*** Opening of Records supplied ***
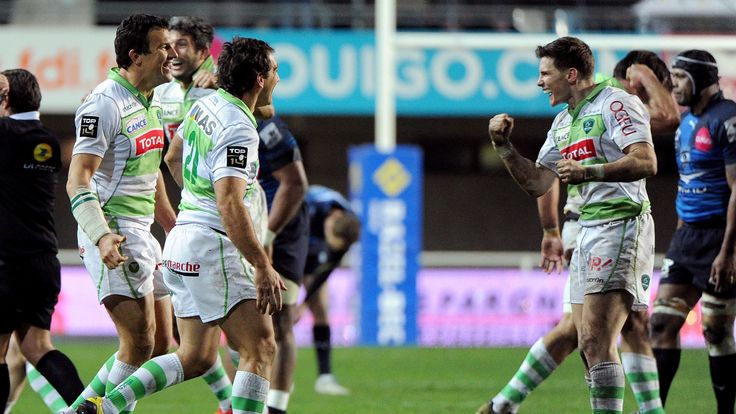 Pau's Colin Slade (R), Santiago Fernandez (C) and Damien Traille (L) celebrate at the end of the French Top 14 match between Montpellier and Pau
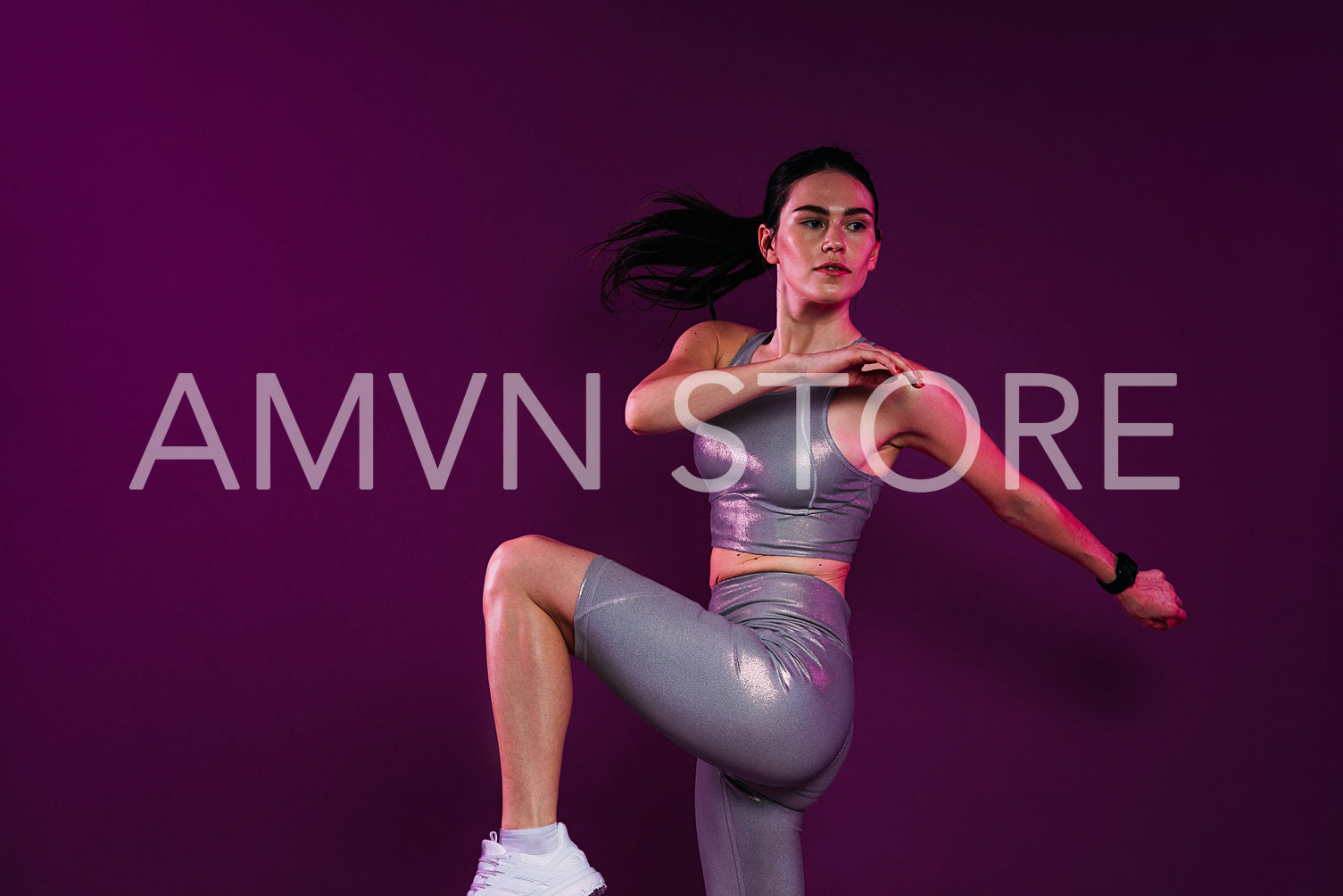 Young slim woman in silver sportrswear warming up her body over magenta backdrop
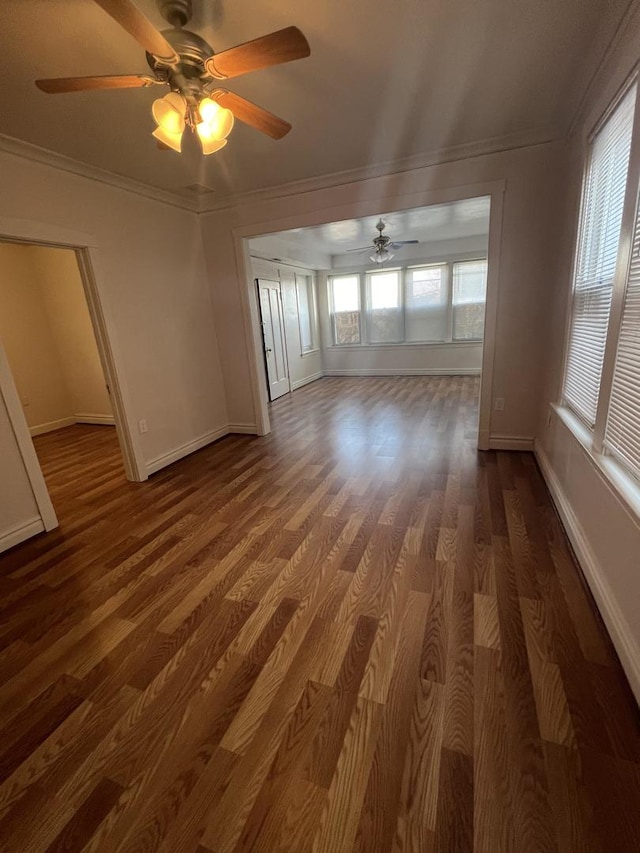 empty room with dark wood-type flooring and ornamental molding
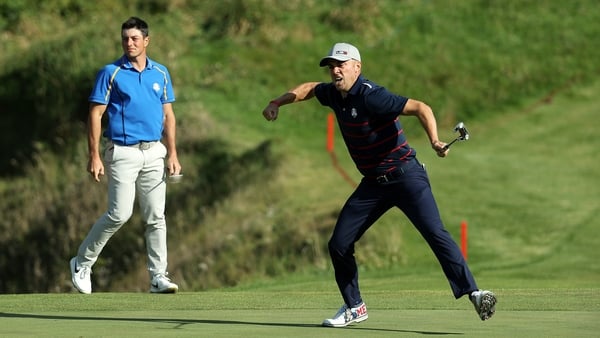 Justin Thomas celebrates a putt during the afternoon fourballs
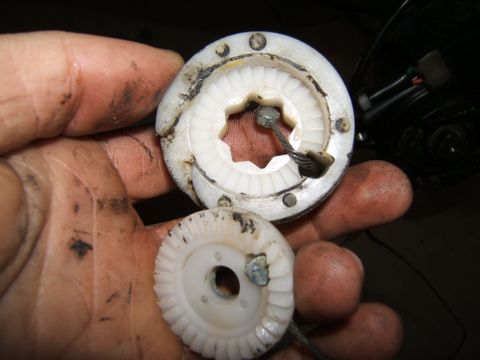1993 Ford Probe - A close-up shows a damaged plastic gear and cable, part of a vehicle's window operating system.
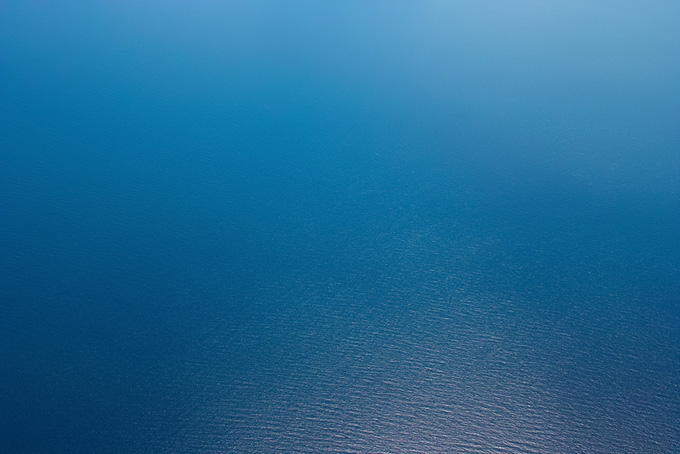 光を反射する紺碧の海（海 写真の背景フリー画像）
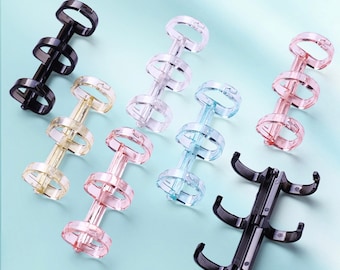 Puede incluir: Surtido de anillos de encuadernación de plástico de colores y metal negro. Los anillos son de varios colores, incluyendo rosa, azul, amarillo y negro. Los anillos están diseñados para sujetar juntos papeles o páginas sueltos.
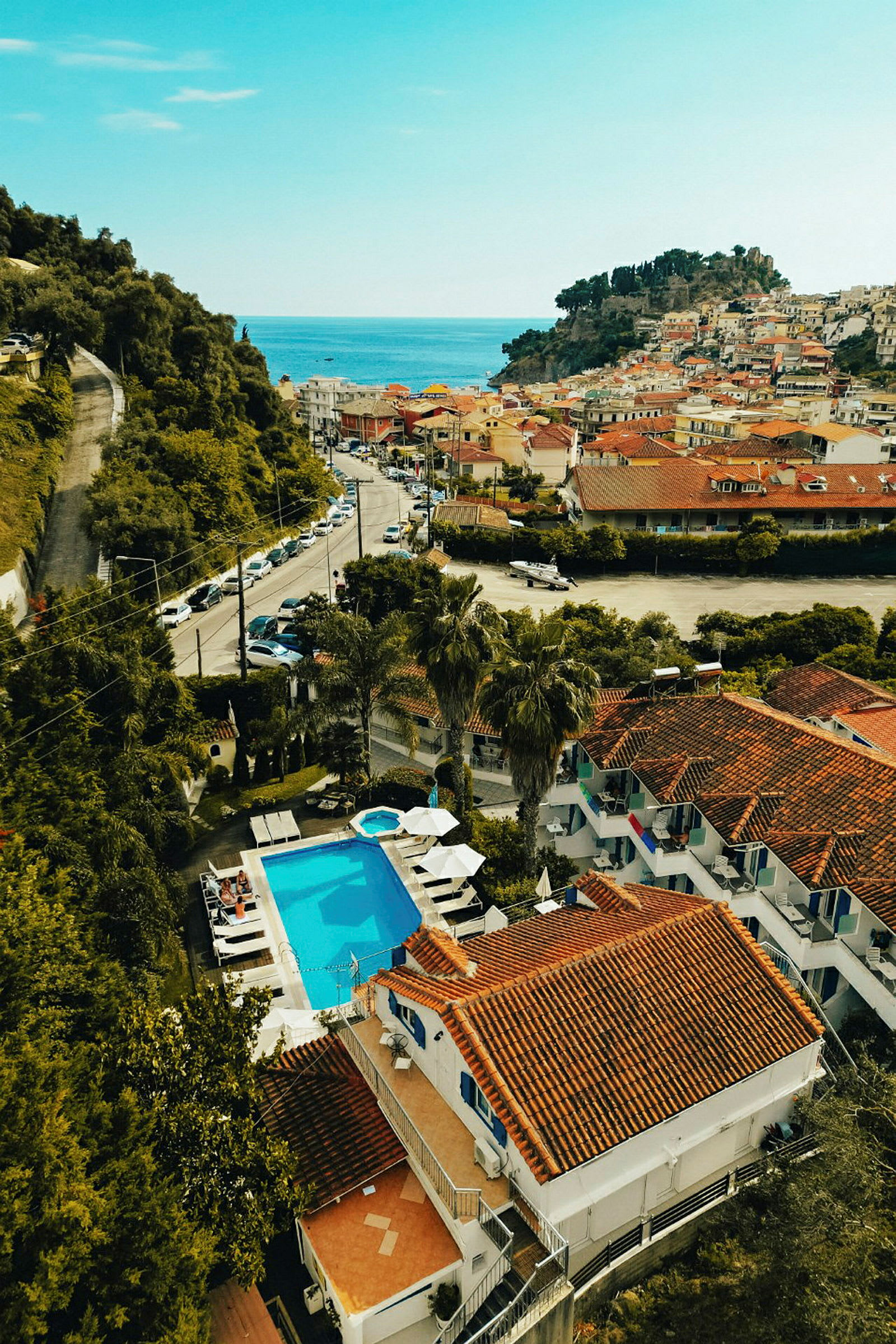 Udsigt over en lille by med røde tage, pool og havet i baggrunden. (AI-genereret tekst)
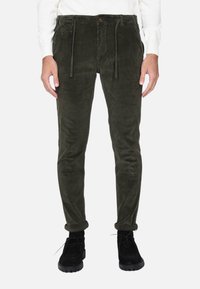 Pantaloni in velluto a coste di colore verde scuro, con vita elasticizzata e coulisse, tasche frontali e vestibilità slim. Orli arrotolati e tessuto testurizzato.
*** Close of Records supplied ***
#### Try it
Every line from the one with "Young slim woman" to the end of the records above should be restated word for word, and no picture belongs in the copy.

#### Expected answer
 Young slim woman in silver sportrswear warming up her body over magenta backdrop
 empty room with dark wood-type flooring and ornamental molding
 Justin Thomas celebrates a putt during the afternoon fourballs
1993 Ford Probe - A close-up shows a damaged plastic gear and cable, part of a vehicle's window operating system.
 光を反射する紺碧の海（海 写真の背景フリー画像）
 Puede incluir: Surtido de anillos de encuadernación de plástico de colores y metal negro. Los anillos son de varios colores, incluyendo rosa, azul, amarillo y negro. Los anillos están diseñados para sujetar juntos papeles o páginas sueltos.
 Udsigt over en lille by med røde tage, pool og havet i baggrunden. (AI-genereret tekst)
 Pantaloni in velluto a coste di colore verde scuro, con vita elasticizzata e coulisse, tasche frontali e vestibilità slim. Orli arrotolati e tessuto testurizzato.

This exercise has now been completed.